In December she was crowned Miss Diamond 2011 after a unanimous decision of the jury, which never happened before in the 29 years this price is being awarded.

In 2012 she wins the Belgian preselection of the Miss Earth pageant and goes to Manila to represent Belgium.

== Acting career ==
In December 2012 she made plans to go to Hollywood to attempt a career as an actress.

In Cannes she played in 'Babaï', and in Belgium a smaller role in 'Cordon'. In the US a longer version of 'Babaï', 'Undercut', for which her boyfriend Abbas Fasaei is the producer, had been issued.

In 2014 she was planning to create a movie from her bookbestseller 'Van hel tot hemel' (in Belgium) which did not materialise as such as yet. Instead of modeling, she's now focusing on writing and acting.

== List of media appearances ==
- 2010
  - Miss Diamant, pageant competition in Antwerp
- 2012
  - Belgian beauty pageant preselection for the Miss World pageant competition
  - Miss World pageant competition in Manila, The Philippines
  - Reyers Laat, TV-interview on VRT
  - Sold Life, a short movie
- 2013
  - Babaï
  - Follow
  - Mujahid
  - Verzuipen
- 2014
  - Cordon
  - Paradox of Nonexistence
- 2015
  - Vossenstreken

== Public activity ==
Putting her personal experiences and insights to help people she founded the 'Centre of Transformation vzw'.

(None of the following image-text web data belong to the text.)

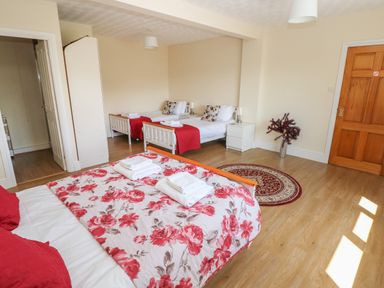 A bedroom with three beds two single beds and one double bed with red floral bedding and wooden floor at Hillside Lodge in Newtown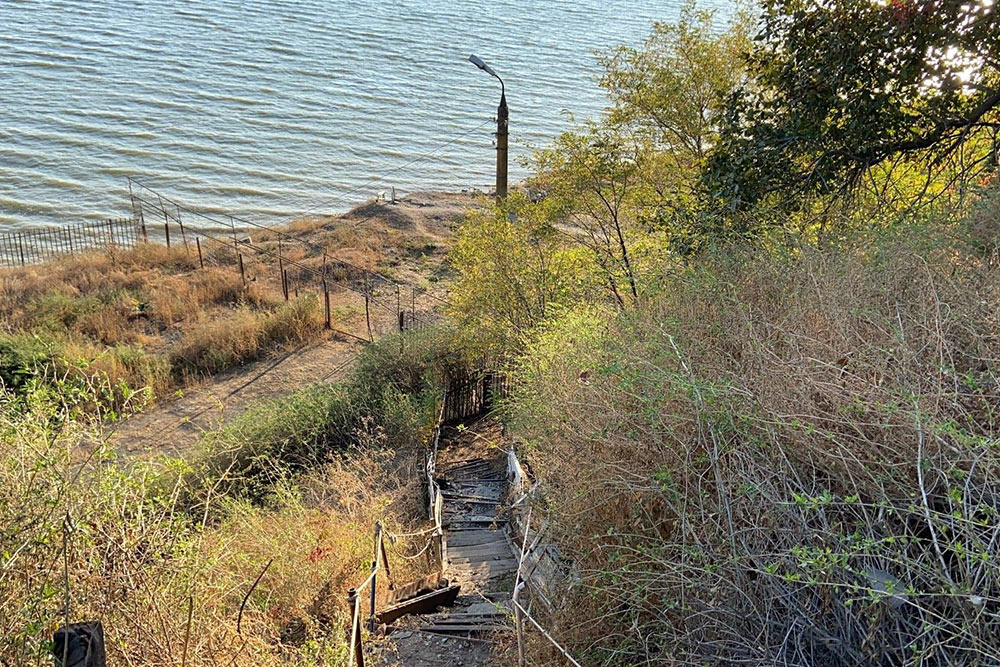 Старая деревянная опасная лестница, по которой жители Богудонии спускаются к морю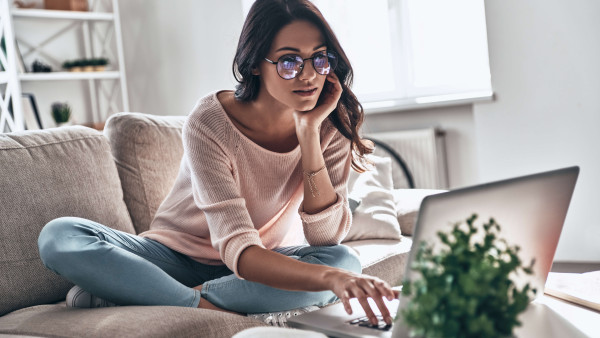 woman with glasses wearing casual clothes sitting with legs crossed on sofa looking at a laptop
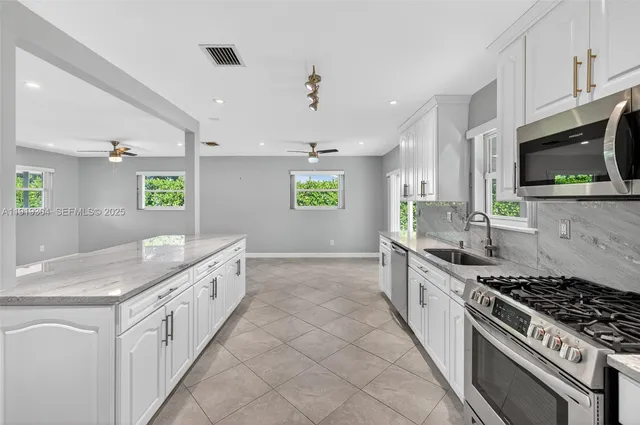 a kitchen with a stove a sink and a microwave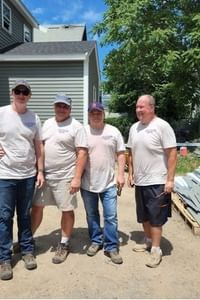 Four men working construction for Habitat for Humanity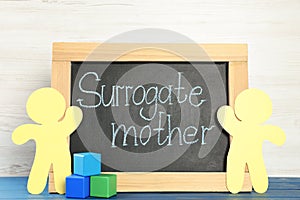 Small chalkboard with phrase Surrogate Mother, paper people cutouts and cubes on blue wooden table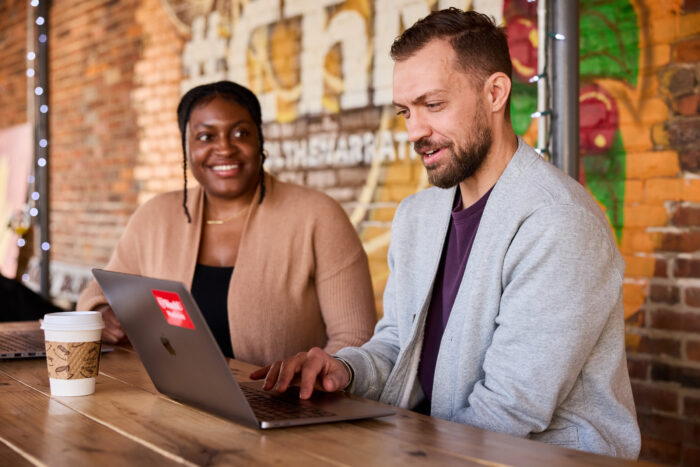 Brittany Jones, Assistant Director of Clinical and Community Integration, Racial Equity Initiatives, at Saint Louis Integrated Health Network, and Brett Maricque, PhD, meet at Northwest Coffee to discuss upcoming projects related to community engagement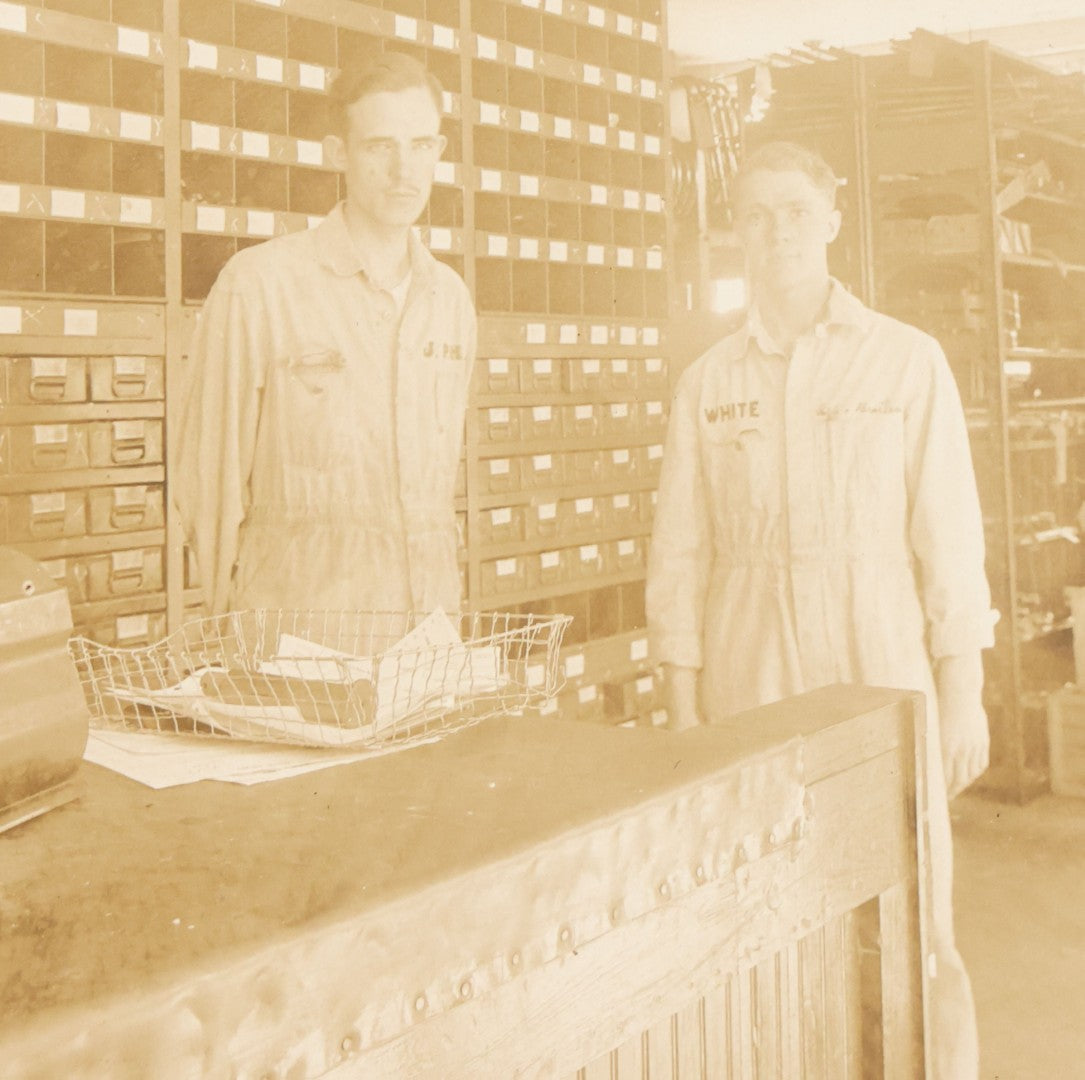 Lot 135 - Antique Boarded Occupational Photograph Of Two Workers In Embroidered Coveralls Working In A Parts Shop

In 2015 she was one of the founding members of the leftist Flemish social political internet forum VLinks.

== Writings ==

===Book===
In 2013, Madina wrote a book 'Van hel tot hemel' (From hell to heaven),
a tale of all her trials and tribulations.

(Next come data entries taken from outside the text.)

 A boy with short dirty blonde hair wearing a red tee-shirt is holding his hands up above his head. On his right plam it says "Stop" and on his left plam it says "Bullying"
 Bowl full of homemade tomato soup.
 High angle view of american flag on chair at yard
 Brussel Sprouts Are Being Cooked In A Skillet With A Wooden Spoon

While visiting the uncle who had helped them flee from Afghanistan, she was courted by a neighbour boy, who seemed very sympathetic. He asked her to marry him, to which she agreed.

====Plot====
He was very romantic, putting a rose on her bed every morning. The fairy tale continued, until they returned to Belgium.

He then became very jealous and extremely abusive. He locked her into the bathroom, but she managed to escape.

She called an Iranian friend, Abbas Fasaei, who helped her and who encouraged her to contend in more pageants, and even subscribed her for singing and acting lessons at a drama school.